COETAIL has been a lot of work, a lot of coffee, a lot of reading, a lot of thinking, a lot of collaboration, a lot of learning, a lot of growing. As my students are diligently working to complete their summative tasks for our unit, and I am very excited to see how their work plays out, I thought it a good time to reflect and think about some of the ways COETAIL has resulted in tangible changes in my day-to-day teaching. Below is a collection of those thoughts on how I have
An appreciation of paper
One of the strange ways that COETAIL 13 has changed my thinking is more of an appreciation for paper based activities. There are so many valuable tools that could be leveraged with technology, but if I am simply taking an activity online, I am now more open to paper based activities. If it is a close reading activity, where students are working together, having a nice A3 print out and some highlighters is always great. Now, I may take time to add in a Flipgrid reflection to help them to connect with their peers to help leverage technology. Thinking of the SAMR model, if I am not planning on modifying or redefining the activity, I do not want to use technology just for technology sake. Students spend lots of time on their devices, I am now more careful with ensuring each activity is worth the screen time.
Pushing my Pedagogy
I started COETAIL shortly after finishing my M. Ed. and was excited but also a bit hesitant as most of my education had come from completing degrees. Yet, the volume of ideas, practice, assignments, projects, and overall engagement from the program really helped push my practice forward. Further, it allowed me to be more open to other forms of PD. Last year I completed the TEMC course on Teaching English in Multicultural Classrooms to learn more about linguistic strategies and am now in training to be a tutor and deliver the course to my peers next year. I also am part of my school’s Data Team and worked with Matthew Savage of the Mona Lisa Effect to better understand how to use data to improve student wellbeing, and by extension achievement.
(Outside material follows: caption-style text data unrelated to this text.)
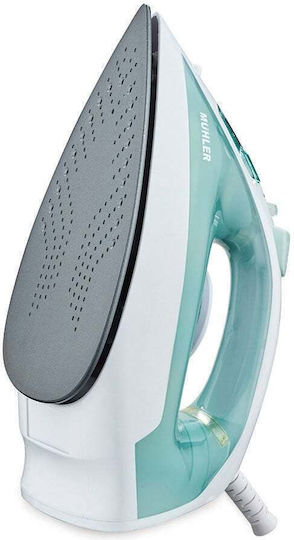 Muhler Σίδερο Ατμού 1600W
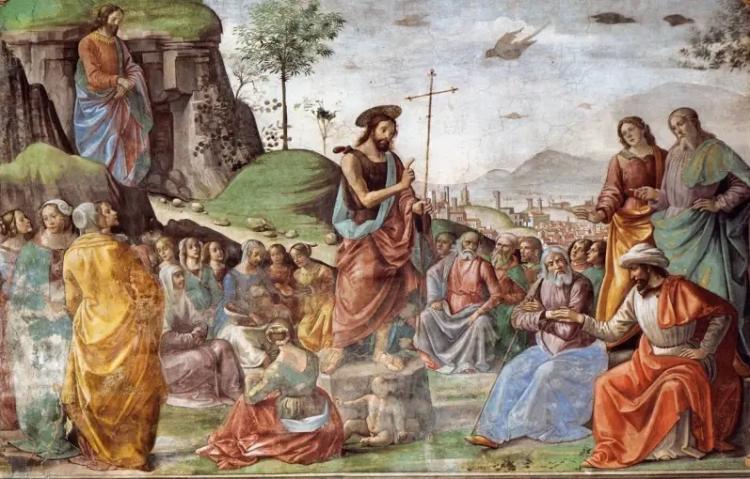 Mons. Castagna: 'El modelo vigente de Juan Bautista' Mons. Castagna: 'El modelo vigente de Juan Bautista'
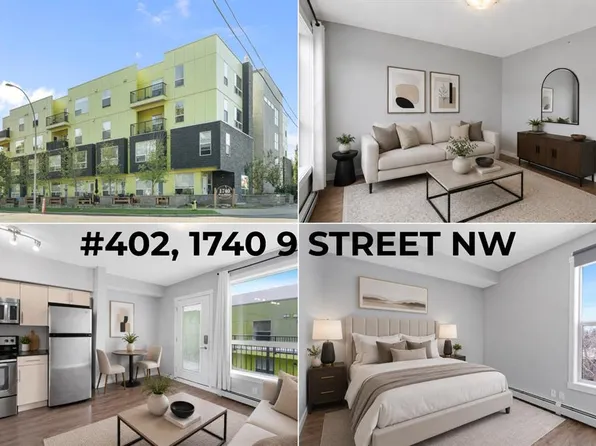 1740 N 9th St NW #402, Calgary, AB T2M 4Z5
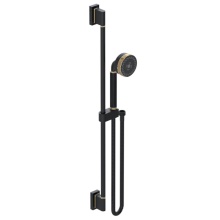 Rubinet Canada 4GRT3MBGD - Adjustable Slide Bar with Hand Held Shower Assembly (3 Function)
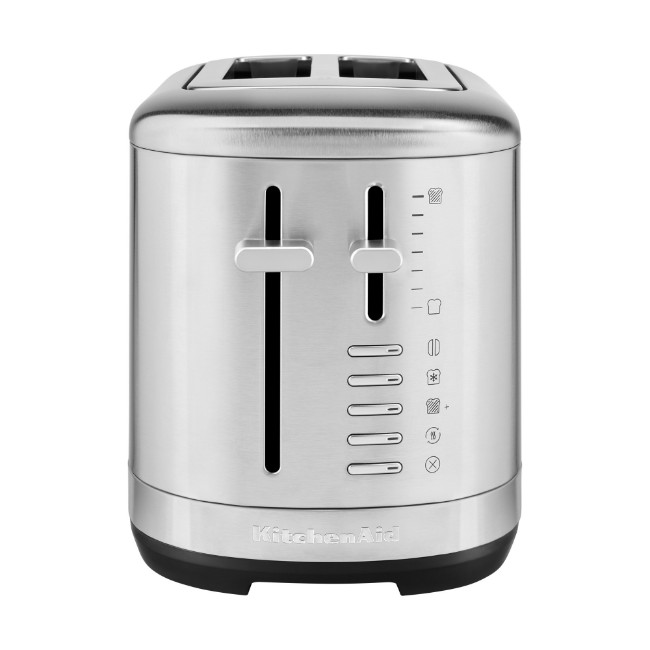 Тостер 2 слота 980 W, Stainless Steel - KitchenAid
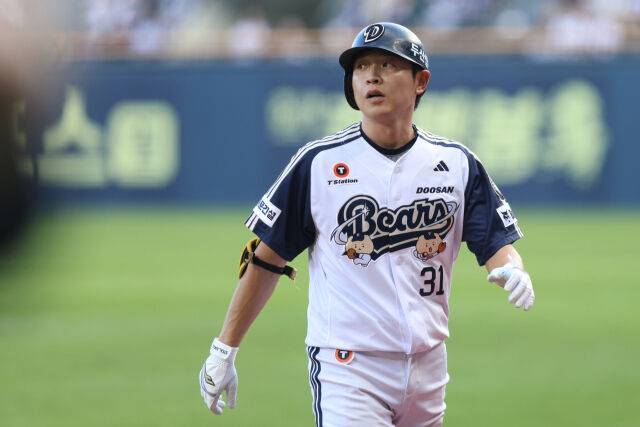두산 베어스 정수빈./두산 베어스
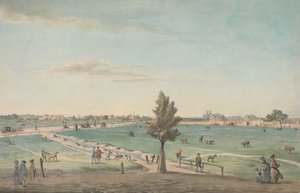 Kennington Comum de Samuel Hieronymus Grimm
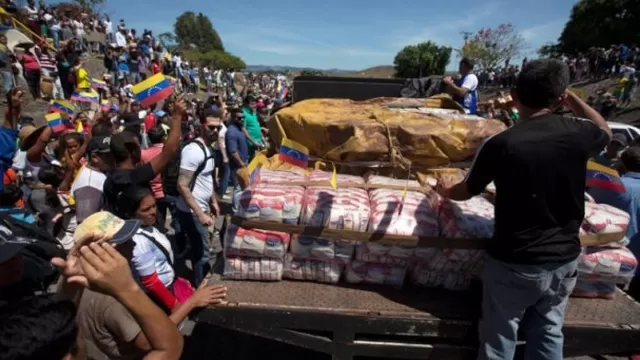 La oposici&oacute;n venezolana asegura que su pa&iacute;s atraviesa una &quot;emergencia humanitaria compleja&quot;. (Foto: El Cronista)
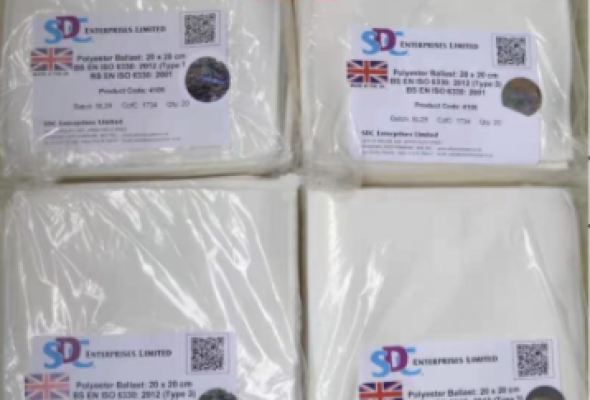 Vải kèm giặt ISO/SDC – Adjacent Fabric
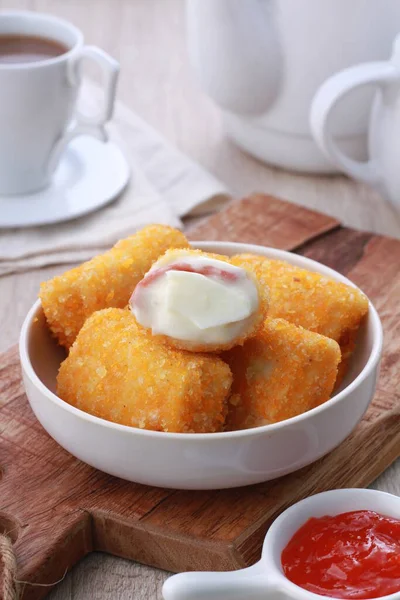 Chiken Risoles Cheese — Zdjęcie stockowe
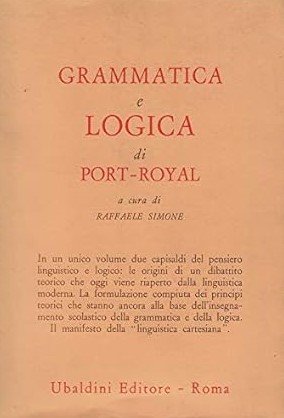 GRAMMATICA E LOGICA
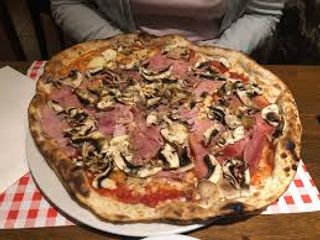 Pizza Toscana (Mediana)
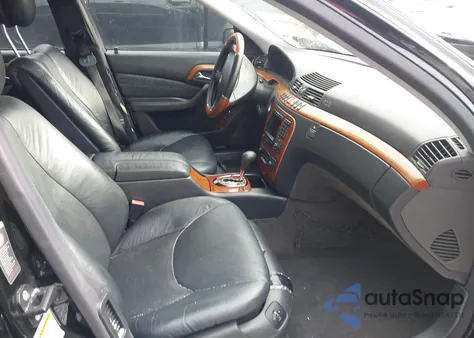 2002 Mercedes-Benz S 430 z USA, uszkodzony, nr VIN WDBNG70J72A261124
The value I got from COETAIL has helped reinforced the need for teachers to keep growing and learning.
Ways I have started to leverage technology to ensure greater critical thinking, collaboration, creativity, communication, character, and citizenship
- Allowing more student agency in choosing topics- I have outlined how I have been doing this for my COETAIL Course 5 final project here. Already, the feedback from my students have been extremely positive and watching them work to create different products has me thinking of how to keep this going in future assessments
- Creating places for students to share their work– Many times students have outlined that they feel their work gets lost once the reporting period is done. Early on in COETAIL I considered myself a lurker, in that I would be more likely to take information from online communities without contributing. My grade 7 class recently created a series of Black Death diaries to recreate what life was like during 1349 in Europe. To help push myself away from a lurker, and to give the students some agency, I am putting together a website to share their work. Part of this is for me to use it next year with students as a unit intro, and part is to share the idea with other teachers who want to use it as a way to investigate the Black Death. Further, at the end of my Grade 6 class project on ancient civilization, I will be sharing that online and putting together a website to share their work. Even if their work is only shown to future students I teach, being able to see models of work will help me re-evaluate the effectiveness of my teaching and will help students to understand what is expected of them.
- Putting more emphasis on creating digital artifacts that will travel with them-> While this ties in with the idea above, I have been spending more time on our schools use of Digital Portfolios to ensure they reflect on their learning process and critically think about how they can improve. Part of this is from the COETAIL readings and ideas, and part is from the overall process of the course focusing me to reflect on myself.
- Focusing on positive comments on feedback-> with increased use of online tools, I have been really focusing on how students interact in the digital space. Whether this is having students leave feedback on Wix, Flipgrid, or with reflections on other students work, understanding the role they play in creating a positive online community has been a key idea in my class
- Improved instruction- starting last year when my school went online, I found that recording short video instructions was key as not all students would be able to be online at the same time. This year, with more students being out of class for Covid and having to follow along at home or catch-up when they are back, I turned to making more videos. One of my students suggested I switch to posting them on Youtube as many of my loom videos would have trouble playing. Now, I am putting together short and long videos, either as quick instructions for the overall lesson or as longer walk throughs on a task, to help guide my students. This has given me more time to focus on students who need support and less time repeating instructions. It has also helped to put responsibility on students to seek out the answers themselves, as they know that I won’t answer a question if I have covered it in the video.
I think many of the ideas above are ones that have bandied around my head at different points, but taking the time to clue into the logical and reasoning for those decisions. To link my action with current best practices and to understand the benefit of increasing student agency, focusing on positive comments, pushing tasks beyond the classroom, and focusing on SAMR have been just a few of the ways I have benefited from COETAIL. The next step is to help those around me by sharing those ideas.